Like most authorized biographies, Complete These Unfinished Tasks of Mine contains few juicy or controversial details. Rather than tell the complicated aspects of Ingram’s many business ventures, it frequently uses Nashville Banner and Tennessean business stories verbatim, an inadequate storytelling device—to put it charitably—for Ingram’s involvement in the oil pipeline and refinery businesses in the 1970s, for example.

But the book does offer insight and exposes the human side of Bronson Ingram—a hardworking and intelligent man with amazing business skills who could be so gruff as to be rude. “Many things were guaranteed to make him explode, and I always worried that he might die of a heart attack because of his temper,” Martha Ingram writes in the book. In one anecdote, offered by Bronson Ingram’s longtime friend Jake Wallace, Martha Ingram tells her husband that he needs to branch out and make some new friends. “Martha, I’ve made all the goddamn friends I want to make in my life,” he snaps.

Unfortunately, the book provides almost no details about the 1977 federal racketeering case that sent Bronson’s brother Fritz to prison. (Ingram Corp. officials were accused of bribery in connection with a contract with the city of Chicago to haul sludge.) But Martha Ingram writes about the effect the trial had on her family—and about visiting her brother-in-law during his 16 months in prison. “We went in, we signed in, we were frisked before we saw him, and then we went into a dusty little fenced-in courtyard and sat on concrete benches,” she recalls in the book. “It was all so degrading, so horrible.”

Martha Ingram is as aware as anyone that her husband might not have liked his life to be an open book. “I think he would have felt quite ambivalent about it,” she says. “On the one hand, he would have been pleased that I wanted to share his life and his successes with others. But on the other hand, I can imagine him being quite cross, because he never wanted us to talk much about ourselves.”

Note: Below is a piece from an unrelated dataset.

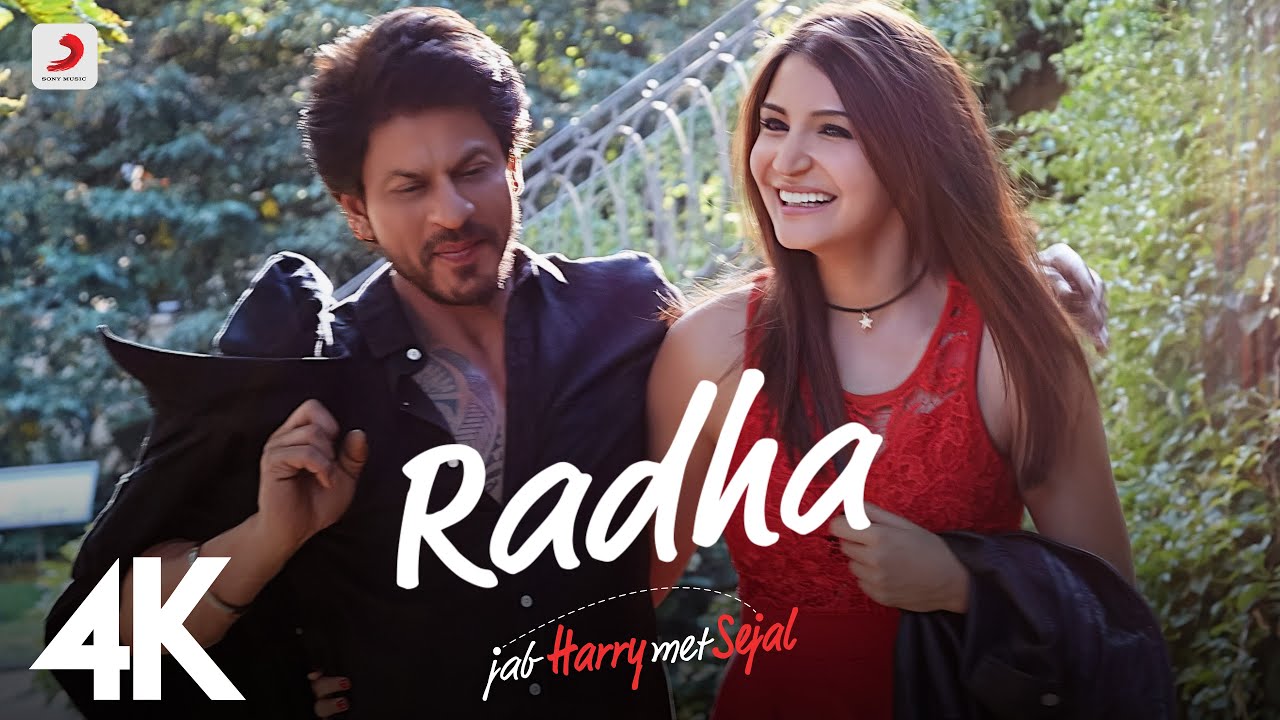 Radha Full Video   Jab Harry Met Sejal  Shah Rukh Khan Anushka  Sunidhi Chauhan  Pritam  4K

Other than an event for friends at Vanderbilt and a few book signings for Ingram Industries’ employees, Martha Ingram says she doesn’t plan to spend much time promoting her book. But she says she has gotten enough satisfaction from the experience that she is thinking seriously about writing, or helping to write, a book about the history of the arts in Nashville. “I think there is a wonderful story to be told,” says Ingram, who has pledged $30 million in Ingram foundation money toward the construction of a new symphony hall. “It would be a great story to be told at a time like this.”